Posted by ladycalcio su giovedì, febbraio 24, 2011


Un goal d’opportunismo nel finale e via, si torna a casa con in tasca i 3 punti, lasciando gli avversari con tanto di naso. Merito – si era sempre detto in questi casi – di una squadra tenace, grintosa e mai rassegnata. Quante volte è accaduto all’Inter di risolvere una partita negli ultimissimi minuti grazie ai micidiali inserimenti di Milito o di Eto’o, portati su un palmo di mano come i campioni che fino all’ultimo secondo fanno la differenza?  Ieri sera, la situazione si è capovolta, e a fare la differenza è stato Mario Gomez. E allora si impreca contro la sfortuna, si parla di ingiustizia. Perbacco, il risultato giusto sarebbe stato un pareggio!

Vi sarete chiesti il significato della strana esultanza della punta tedesca dopo il goal: un festeggiamento a base di stretching, portando il tallone destro al gluteo come per eseguire l’allungamento del quadricipite femorale e ondeggiando con il corpo. Null’altro che un omaggio a Jay Jay Okocha, centrocampista nigeriano dell’Eintracht Francoforte (parliamo degli anni ’90), suo grande idolo da ragazzo. Festeggiava così Okocha, del quale Gomez, da ragazzo, aveva tappezzato la stanza di poster. Quale occasione migliore per emularlo di una rete all’Inter al 90’? Una rete che gli consente di appaiare Eto’o e Anelka in vetta alla classifica cannonieri della Champions League!

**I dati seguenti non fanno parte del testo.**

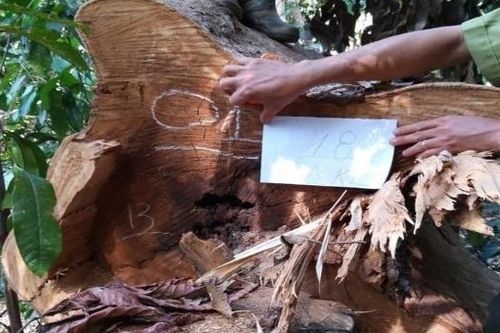 Doanh nghiệp ở Đắk Nông để mất trắng hàng trăm ha rừng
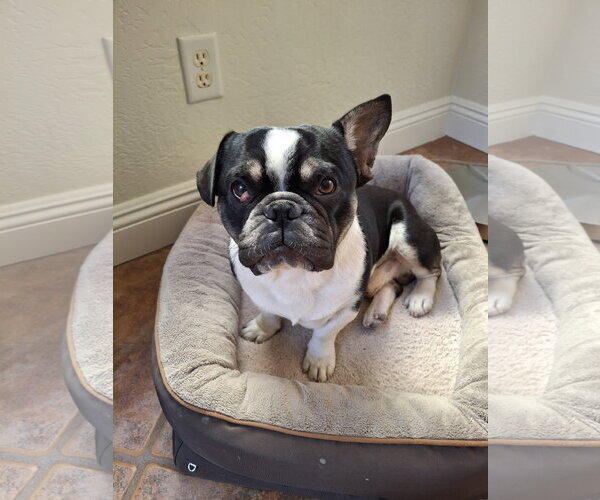 Medium Photo #4 French Bulldog Puppy For Sale in Buckeye, AZ, USA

Bayern tutto fuorché irresistibile: i 13 punti di distacco che accusa dalla capolista Dortmund nel suo campionato parlano da soli. Il gioco  è decisamente prevedibile, costruito quasi esclusivamente sulle fasce secondo pochi schemi preordinati. Sorprende la  grande difficoltà che i tedeschi dimostrano nelle penetrazioni dalle vie centrali.  E non soltanto per merito degli interdittori dell’Inter, senza nulla togliere a questi ultimi.

Si tratta di un deficit cronico che ho più volte riscontrato nel Bayern negli ultimi anni; peraltro, contro avversari dalle differenti caratteristiche di gioco. In avvio, Pranjic crea movimento sulla fascia sinistra, innescando uno schema fisso con Schweinsteiger: uno dei pochi fra i bavaresi che, per sua caratteristica peculiare, tende ad accentrarsi. Impossibilitato a  trovare varchi in direzione delle punte Müller e Gomez, il numero 31 del Bayern allarga sulla fascia opposta, dove la spinta è affidata al difensore laterale e Capitano Philipp Lahm, alla vana ricerca di Robben.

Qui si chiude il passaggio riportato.